Another strong track is "System Overload," which should have opened the disc, since the riff and vocals are the best ones here. After a subtle guitar intro, the intensity is turned up when vocalist Trouble belts out "I hope it's okay / If I tell you that I fucking hate you." The harmonies are perfect and the music captures the frustration of this relationship. That hatred comes out when Trouble sings, "You better pray that all the demons won't come back to haunt you / 'Cause you know that I'll be waiting there with a smile to taunt you."
"The Angel That Got Away" is the closest track to a ballad on this release, with words such as "I've been desparate to see your face / Never thought it would cause so much pain" on top of beautiful violins and an acoustic guitar. There's more pain in my favorite track on this release, "Return To Sender," which tells the story of being on tour, sending letters to the special person left behind, and finding out that they were all marked returned to sender. It captures the magic of the band.

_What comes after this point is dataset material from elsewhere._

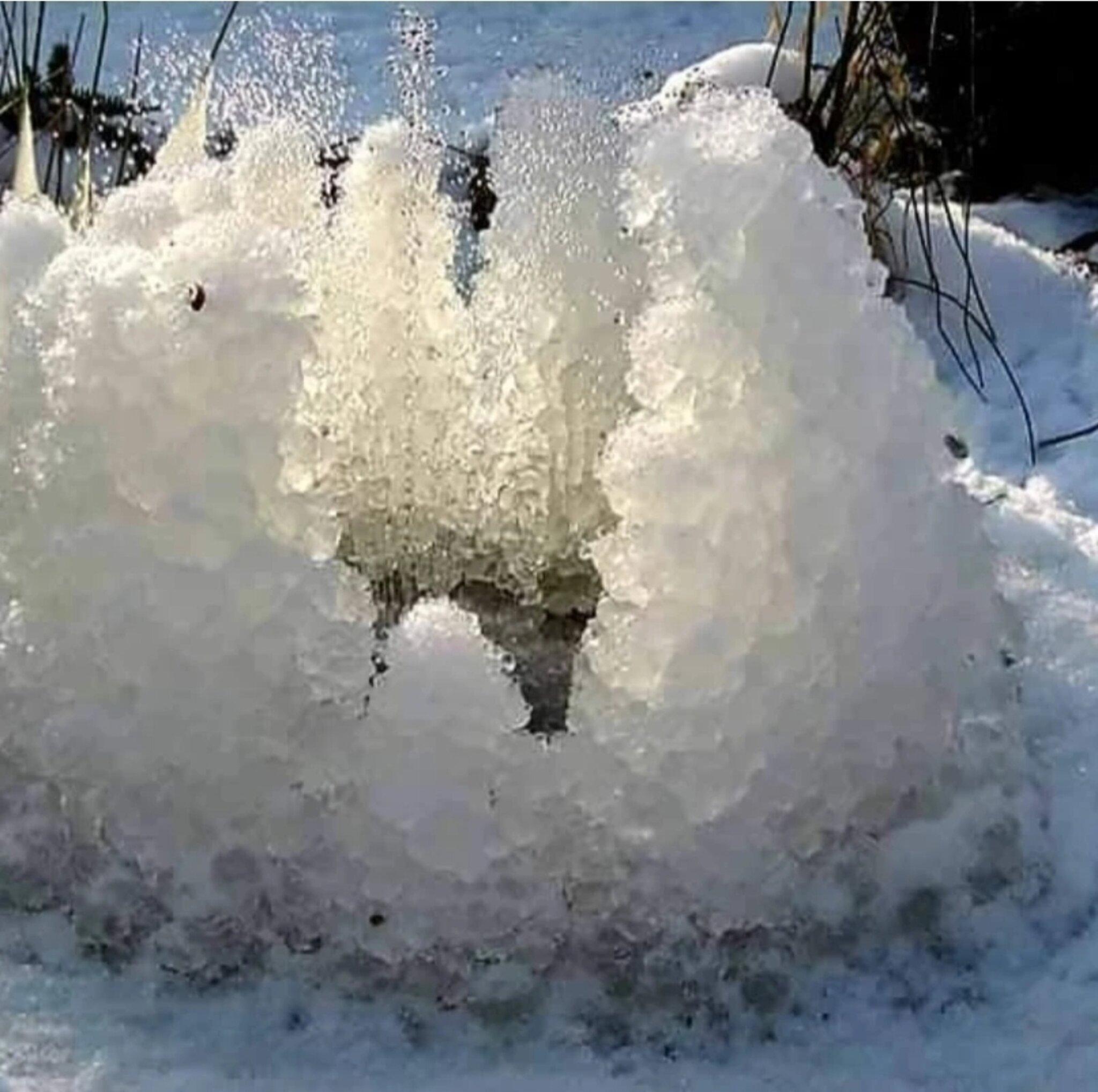 Springbrunnen gefroren: Eisgugelhupf im Biotop - Melk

Another great track that makes me chuckle is "See You In Hell." No, it's not a Grim Reaper cover -- Dexter Danger wrote it. This song deals with another chaotic relationship when Trouble sings, "I've got some knives stuck in my back / From all the friends I used to have / Revenge is sweet I hear her say / The only faith that I believe." What makes me chuckle is how this song leads into the last hidden track, a vulgar answering machine message followed by a hilarious vocal collaboration. It summarizes the release perfectly.
Dexter Danger joins the ranks of my favorite bands. Their musicianship is tight and their lyrics give you something to think about. While I don't wish to be in their world, dealing with their issues, I think Hellafornia gives me just the right amount of pain.